Timshel. Thou Mayest. – East of Eden by John Steinbeck

Óga Ita, Alto Verá, Itapúa

In the training center in Guarambaré, there is a piece of paper with a big wavy line on it. It starts out with small, more shallow, up and down waves that get bigger as the line continues. At certain points on the line, at peaks and valleys, there are markings referring to time periods in service and a list of descriptive words. This is the emotional roller coaster of Peace Corps Service. It marks the emotional highs and lows and elaborates on how we can potentially be feeling at certain points in our service. No two volunteers follow the exact same roller coaster of emotions, but it gives a general sense of how we process our service and develop personally.

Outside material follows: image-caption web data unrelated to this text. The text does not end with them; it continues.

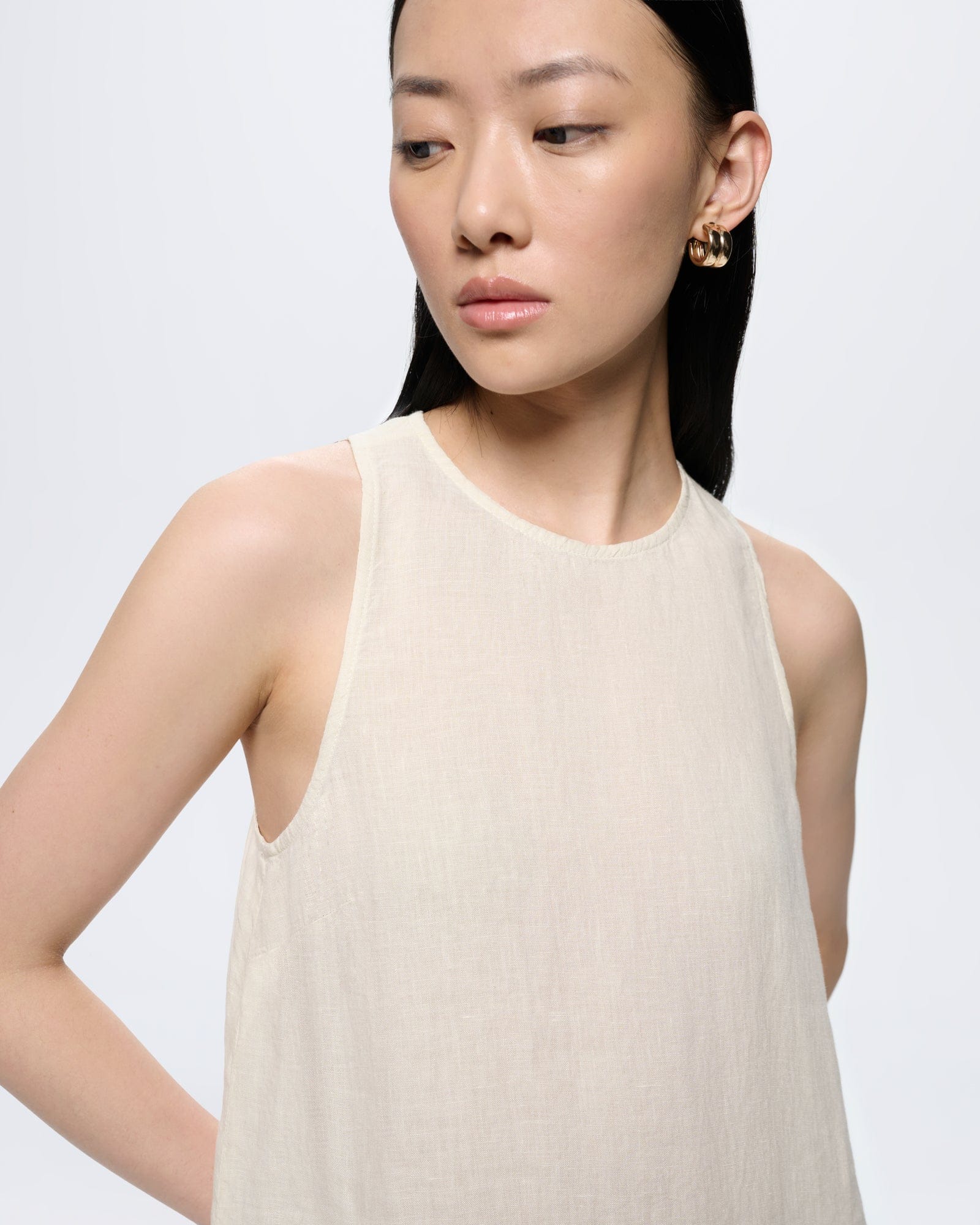 PANGAIA - Womens Linen DressBone White - M PANGAIA - Womens Linen DressBone White - M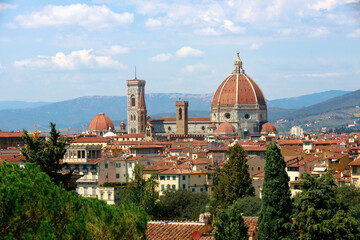 Fototapeta na wymiar Beautiful view of the picturesque city of Florence and the Basilica di Santa Maria del Fiore (Basilica of Saint Mary of the Flower). Florence, Central Italy, Tuscany region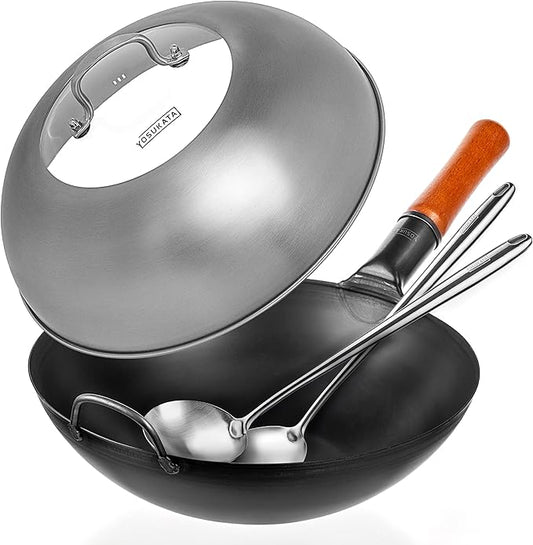 YOSUKATA Carbon Steel Wok Pan 13,5 “ + Lid 12.8 In for 13.5-In Wok + 17’’ Spatula and Ladle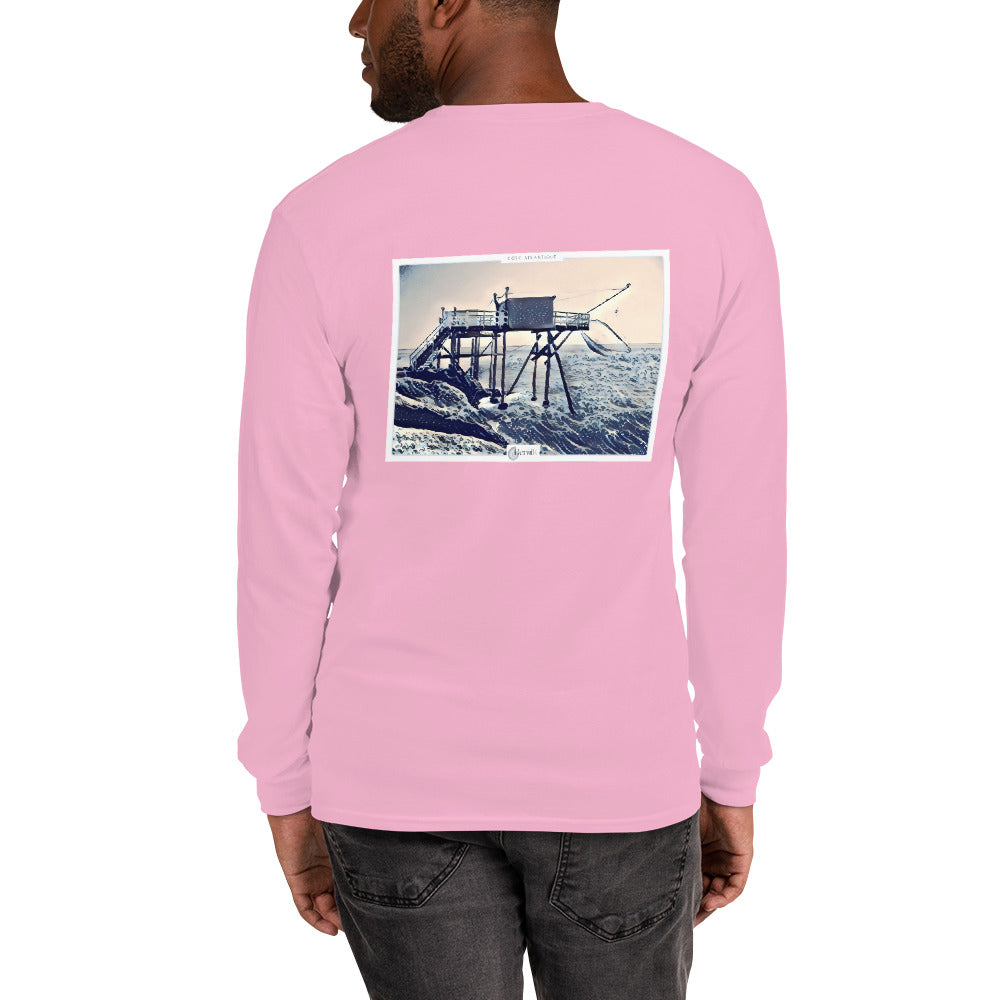 Tshirt unisexe en coton de qualite, orne d'une illustration carrelet style estampe japonaise bleue.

May was a low. A pretty deep one.

I have no idea how to describe why May was so terrible. It could have been the 100% humidity and low temperatures that left everything with a black/blue fuzz. It could have been that the rain just completely destroyed my garden. It could have been that when I made detergent with my women’s committee, the biggest event I had planned, my host mother referred to it as “un disastre”. It could have been that when I replaced my computer screen, which had broken in April when a hammer fell on it, it broke again one week later, and when I replaced that screen, not four days ago, my computer fell out of its case and the screen broke again. It could have been that when I needed to go to an important training on project development, none of my community contacts could go because there was a soccer game that week. It could have been any of those things that made May so terrible.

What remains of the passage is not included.